Here’s how the multipliers of leverage and systems my top marketing strategy – speaking:
Multiplier #1: Systematize the booking process.
Booking speaking gigs can be very time consuming, so I implemented a powerful 3-step process to quickly identify and book gigs. This saves a ton of time, and results are fantastic. (by the way, in my upcoming webinar, I’m going to share this 3-step process for getting all the local speaking gigs you want … it’ll knock your socks off so keep your eyes peeled for it!)
Multiplier #2: Leverage speaking events to create multiple business-building outcomes.
The presentation is a structured system that leverages the speaking opportunity to get the following results:
Book more speaking gigs. The presentation include an opportunity for the participants to give referrals to other groups who need guest speakers.
Build list. The presentation structure also ensures I get every contact in the room, every time. After the gig, I have systemized follow up so no contacts ever fall through the cracks.
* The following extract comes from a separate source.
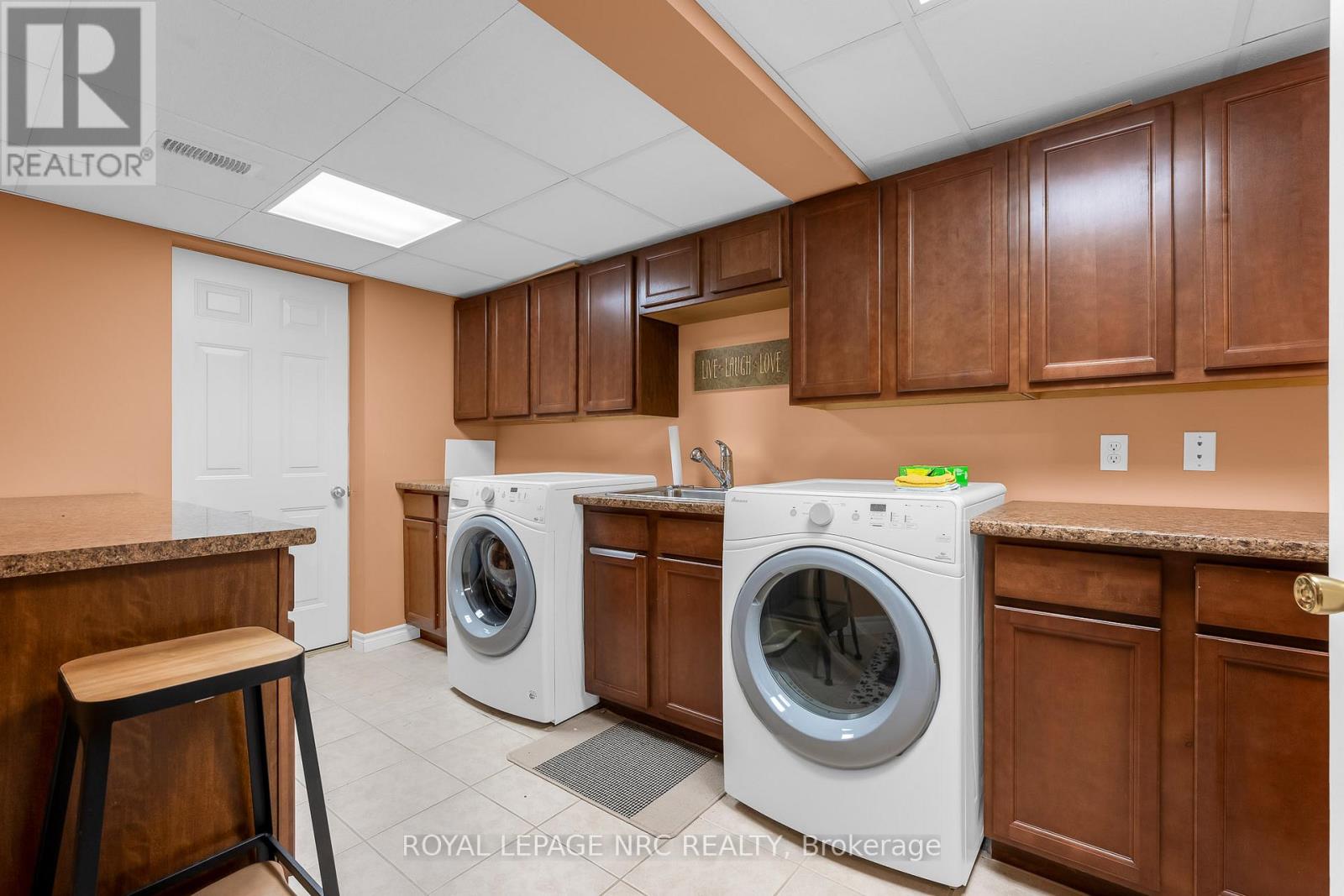 31 Thorold Road E Property Photo 24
Generate leads. Even in groups where they don’t allow an overt sales offer, the presentation structure I follow generates leads from every audience. And again, the follow up system is in place so no leads are lost.
Multiplier #3: Leverage other marketing channels to generate future clients.
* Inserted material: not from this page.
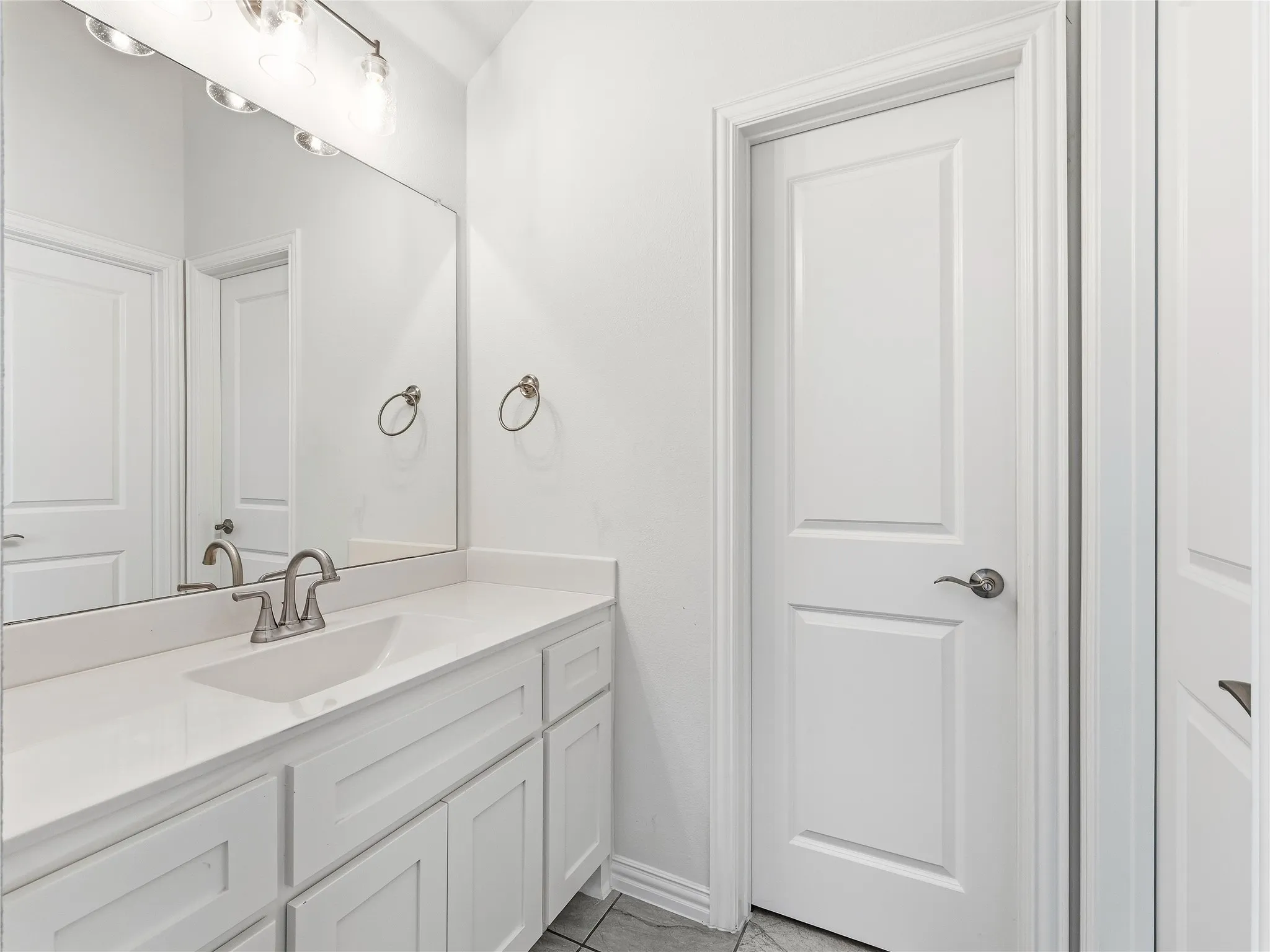 Single Family Residence For Sale in Collin County , 913 Peabody Drive, Mc Kinney, Texas 75071, 5 Bedroom, 4 Bathroom, 2 Garage spaces, 4,278 Sqft, built in 2022, mls#21398536, Real Estate Agent in Mc Kinney, Homes For Sale in Collin county, Homes For Sale in Mc Kinney, Realtor in Mc Kinney Texas, Real Estate Brokerage Independent Realty Texas, Luminita Cordes Realtor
The contacts generated from speaking gigs aren’t always ready to buy right away, so I nurture them by including them in my e-newsletter list where they receive sales offers and valuable content. The content comes from my blog, so now the blog content is doing two jobs – 1. It keeps my website alive and gets some organic search engine love and attention, and 2. Serves to build long-term relationships with the contacts I get from speaking.
This system takes very little time to implement, and smoothly integrates and leverages several marketing strategies.
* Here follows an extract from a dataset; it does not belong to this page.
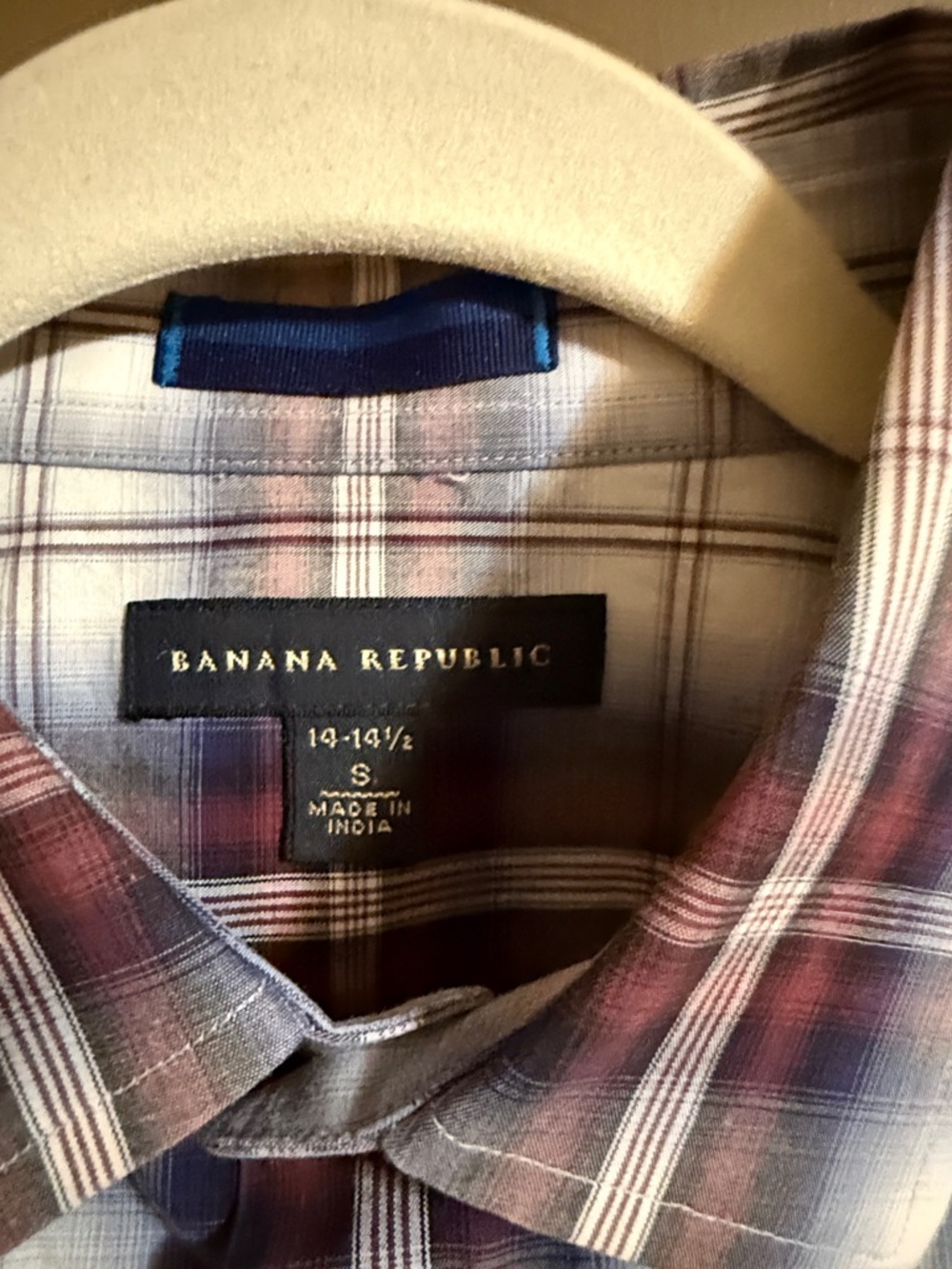 Banana Republic Men's Plaid Button-Down Shirt in Burgundy and Blue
To multiply the results of your personalized marketing plan, for each activity ask yourself:
- How can I systematize this so it takes less of my time?
- How can I make connections between my marketing strategies so they leverage each other and multiply my results?
Now that you’ve got this great new tool, it may feel a little strange and unfamiliar, and it will probably take a little bit of practice. If right now you are in massive overwhelm and following a gazillion different strategies, it may take you anywhere from a few days to a few weeks to untangle yourself from some of those activities. But don’t worry. At least now you have a plan to follow. This gives you a way to laser focus on just the 2-4 marketing activities that actually work.
Making these changes may be uncomfortable, but you have a choice: you can either continue with your overwhelm by chasing after whatever strategy your email spits out today, or you can do what successful entrepreneurs do… they focus, identify what’s working, and then follow it religiously.